Task to carry out.
Of the lines in the material below, print only those from the one containing "Greb BREMSE HONDA CR80" to the one containing "Britax Romer Max-Way", ends included, exactly as written and without pictures.

Exercise data.
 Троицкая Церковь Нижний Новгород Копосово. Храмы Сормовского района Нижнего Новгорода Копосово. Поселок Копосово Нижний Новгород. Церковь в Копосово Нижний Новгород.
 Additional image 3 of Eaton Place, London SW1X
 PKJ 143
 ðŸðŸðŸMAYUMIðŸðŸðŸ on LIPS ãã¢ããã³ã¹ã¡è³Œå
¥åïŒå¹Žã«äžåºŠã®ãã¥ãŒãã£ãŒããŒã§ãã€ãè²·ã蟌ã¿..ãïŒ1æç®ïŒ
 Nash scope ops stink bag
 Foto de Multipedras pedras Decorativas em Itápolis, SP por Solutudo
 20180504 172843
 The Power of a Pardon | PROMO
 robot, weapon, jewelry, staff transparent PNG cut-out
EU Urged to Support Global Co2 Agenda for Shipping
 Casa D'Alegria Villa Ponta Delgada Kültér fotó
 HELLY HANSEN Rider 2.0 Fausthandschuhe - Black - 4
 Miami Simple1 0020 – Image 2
* * *
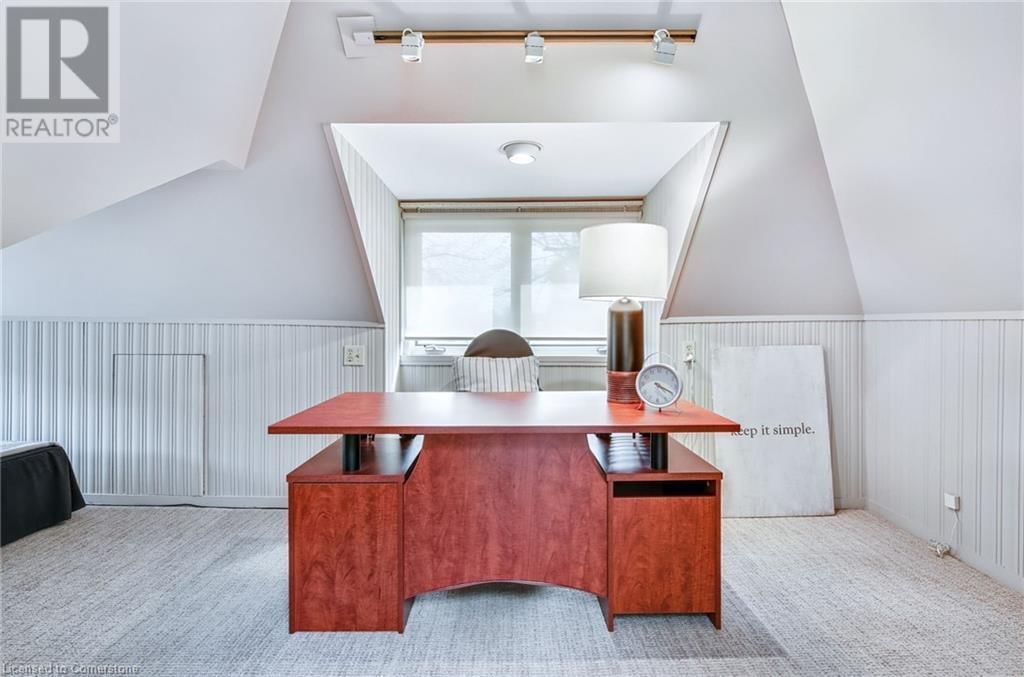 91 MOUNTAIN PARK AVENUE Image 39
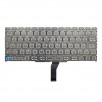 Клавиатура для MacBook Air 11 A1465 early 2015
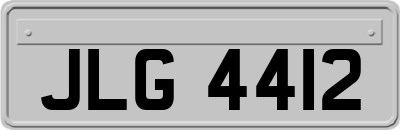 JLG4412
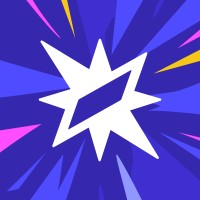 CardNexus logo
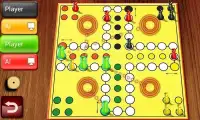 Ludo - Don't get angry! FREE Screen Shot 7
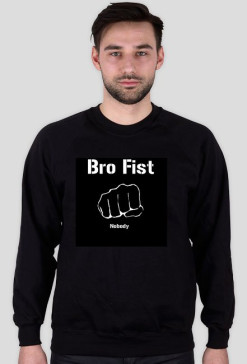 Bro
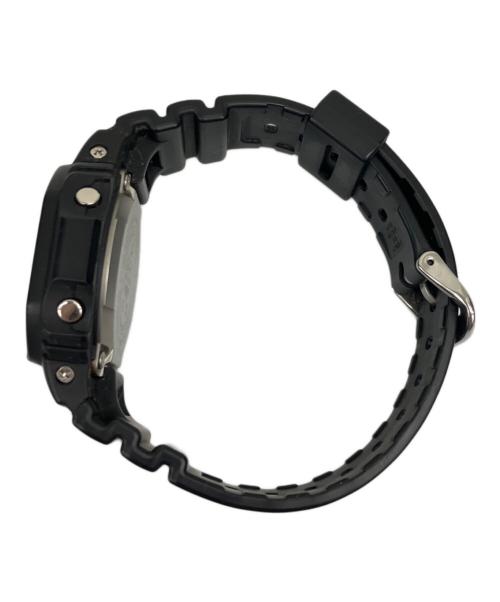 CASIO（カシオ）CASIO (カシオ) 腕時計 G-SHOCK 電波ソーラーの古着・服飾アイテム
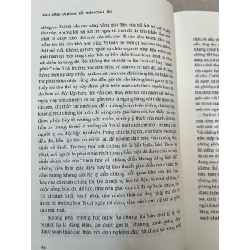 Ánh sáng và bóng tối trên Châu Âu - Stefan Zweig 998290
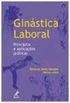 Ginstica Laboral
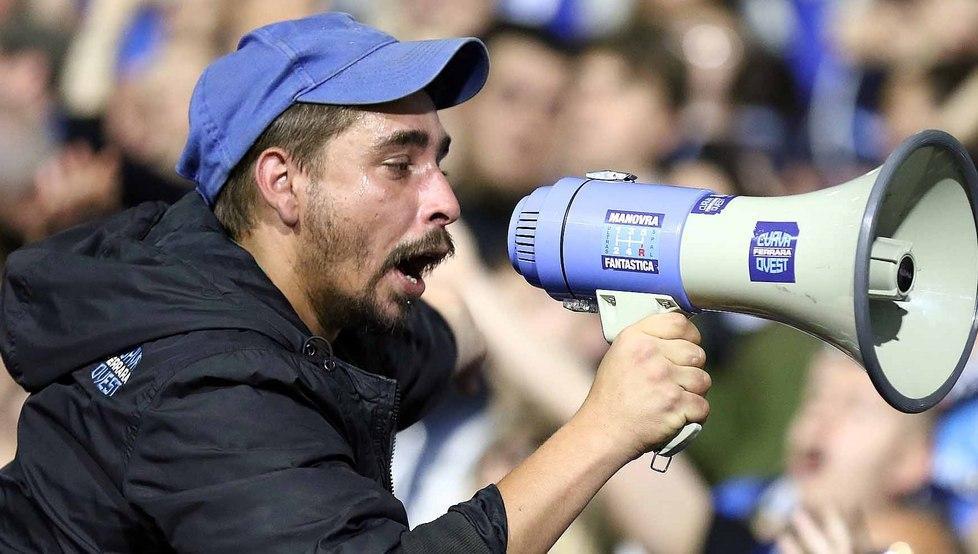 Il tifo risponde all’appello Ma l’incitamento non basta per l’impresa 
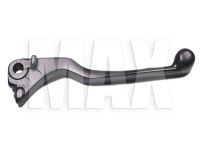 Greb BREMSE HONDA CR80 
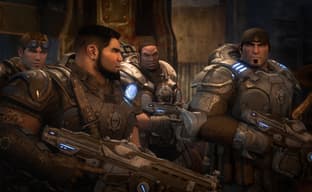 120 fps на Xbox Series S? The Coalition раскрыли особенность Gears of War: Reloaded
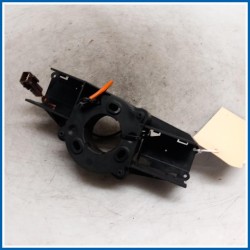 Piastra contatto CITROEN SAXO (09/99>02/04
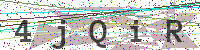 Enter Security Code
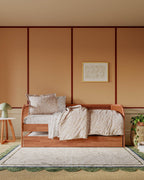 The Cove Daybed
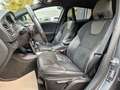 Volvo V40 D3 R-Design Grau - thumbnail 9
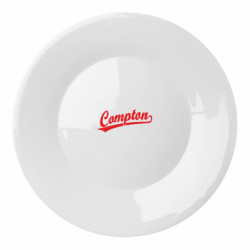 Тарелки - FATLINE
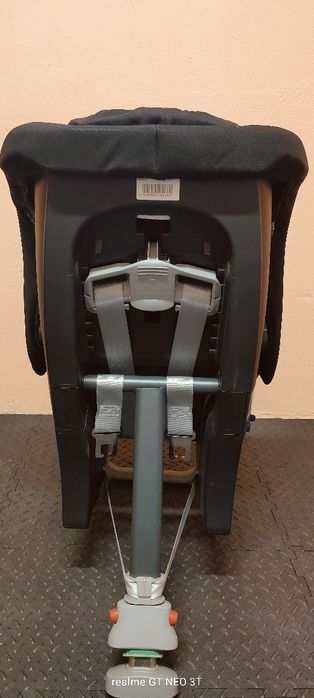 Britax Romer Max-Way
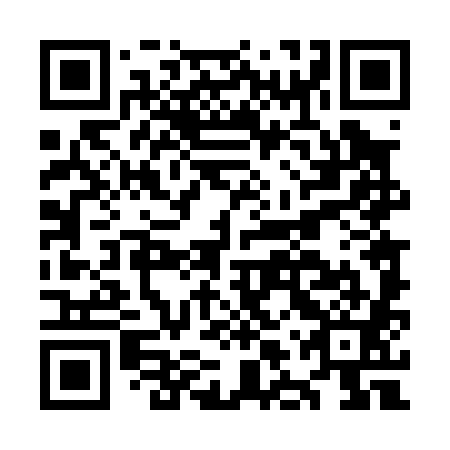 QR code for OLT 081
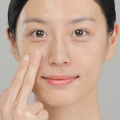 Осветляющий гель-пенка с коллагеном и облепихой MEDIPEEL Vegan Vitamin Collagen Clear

Task response.
 Greb BREMSE HONDA CR80 
 120 fps на Xbox Series S? The Coalition раскрыли особенность Gears of War: Reloaded
 Piastra contatto CITROEN SAXO (09/99>02/04
 Enter Security Code
 The Cove Daybed
 Volvo V40 D3 R-Design Grau - thumbnail 9
 Тарелки - FATLINE
 Britax Romer Max-Way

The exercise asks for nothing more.